In mid-2015, tens of thousands of ordinary Guatemalans poured into the streets to protest against a multimillion-dollar corruption scheme at the highest levels of government and demand reform. By September, key ministers and advisers had been fired. The nation’s president sat in jail.
But today, two years after that euphoric demonstration of people power, little has changed in the structural dynamics that have perpetuated so much ill in the country. Indeed, the nation’s politics continue to be characterized by a weakly institutionalized party system at the service of vested interests and often permeated by dark money.
Such is the view, at least, of Edgar Balsells, a professor and former Guatemalan finance minister who participated in a recent IDB conference on policymaking in Latin America. In that conference and in a soon-to-be-published paper, Balsells argues that the weaknesses of the party system are at the core of many of the problems of his native country and that reforms are desperately needed to forge a new direction.
A strong party system, has long been seen as key to government capacity. In work pioneered by the IDB and a few outside collaborators in the early 2000s, such a system was seen as one in which there would typically be a small number of well-organized and programmatic (or ideological) parties which would endure over time and represent relatively consistent policy positions. Such parties, thought of as strongly institutionalized, would increase democratic accountability. Moreover, they would help ensure that important policies lasted over changes in government.
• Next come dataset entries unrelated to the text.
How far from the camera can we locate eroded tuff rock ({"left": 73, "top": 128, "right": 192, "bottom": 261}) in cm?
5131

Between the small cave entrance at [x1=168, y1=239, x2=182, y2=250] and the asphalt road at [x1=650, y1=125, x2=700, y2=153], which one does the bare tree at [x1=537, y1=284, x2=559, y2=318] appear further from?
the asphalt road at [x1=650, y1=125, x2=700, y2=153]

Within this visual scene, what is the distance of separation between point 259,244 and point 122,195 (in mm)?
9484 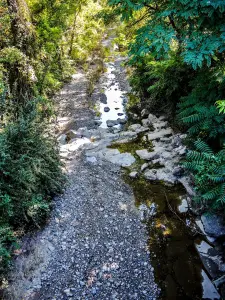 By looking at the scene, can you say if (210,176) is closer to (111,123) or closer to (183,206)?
(183,206)

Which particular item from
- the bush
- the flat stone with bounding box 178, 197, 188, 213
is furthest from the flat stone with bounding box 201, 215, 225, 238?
the bush

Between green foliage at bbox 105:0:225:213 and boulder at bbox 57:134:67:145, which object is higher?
green foliage at bbox 105:0:225:213

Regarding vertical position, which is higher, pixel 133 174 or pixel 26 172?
pixel 26 172

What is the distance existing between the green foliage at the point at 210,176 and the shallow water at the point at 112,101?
197 inches

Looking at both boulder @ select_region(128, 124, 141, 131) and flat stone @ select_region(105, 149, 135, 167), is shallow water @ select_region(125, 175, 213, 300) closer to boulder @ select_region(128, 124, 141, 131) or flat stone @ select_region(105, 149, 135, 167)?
flat stone @ select_region(105, 149, 135, 167)

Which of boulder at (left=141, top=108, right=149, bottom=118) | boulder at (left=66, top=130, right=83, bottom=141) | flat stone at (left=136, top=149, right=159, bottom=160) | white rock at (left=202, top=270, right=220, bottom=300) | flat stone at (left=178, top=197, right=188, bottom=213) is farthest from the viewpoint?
boulder at (left=141, top=108, right=149, bottom=118)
Guatemala’s weakly institutionalized party system
Guatemala’s party system represents the opposite of that ideal. It is among the most weakly institutionalized in all of Latin America, with the average age of a political party at only 6 years, and well over a dozen of parties competing in every election, most of which represent little or nothing in terms of ideology. Indeed, since the return to democracy in 1985, not a single political party has returned to power at the presidential level. Many, including the two largest parties as of 1999, have disappeared altogether.
That transience and lack of ideas means that legislators often change political affiliation in the course of their career. More importantly, it means that political parties don’t represent voters policy preferences. Rather they to tend to run of pork barrel promises and serve those who put up the money. Those generally are not ordinary citizens. They are powerful political and business interests from the traditional oligarchy and local bosses (caciques).
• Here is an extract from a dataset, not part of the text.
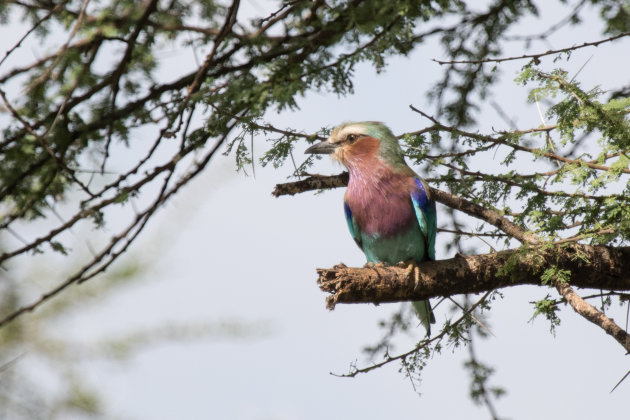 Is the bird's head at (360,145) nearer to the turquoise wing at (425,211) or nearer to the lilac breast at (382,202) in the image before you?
the lilac breast at (382,202)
Guatemala, in this sense, stands in sharp contrast to El Salvador, where the left-wing FMLN and right-wing ARENA have strong brands, national networks, and highly-disciplined organizations and where the dominance of the two parties over the last 25 years has provided much needed stability.
The role of the party system in low social indicators
The consequences for Guatemala are dramatic. Inadequate institutions and governance, in which the weak and volatile party system plays a major role, contribute to disturbingly low social indicators. Those according to a 2016 report by the United Nations Development Programme include a mean of six years of schooling, and rates of poverty that have increased to 76%, with 35% in extreme poverty. Meanwhile, corruption and the influence of drug money in elections continue to blight the political system, according to Balsells.
Reforms, including in the areas of campaign finance, could make a big difference, Balsells says. So could greater centralization of planning and regulation of government operations (to take power away from corrupt local elites) along with greater democracy at all levels. And the international community, he says, should strongly condition aid to those reforms being enacted.
If there is a silver lining to the story, it lies in the local prosecutors, who together with a United Nations-backed commission, have cracked down on corruption. It lies with the huge number of citizens, non-governmental organizations and other civic groups that rose up in 2015 to demand cleaner politics and a government more responsive to the needs of its people. Those, however long reform takes, are pillars to build on.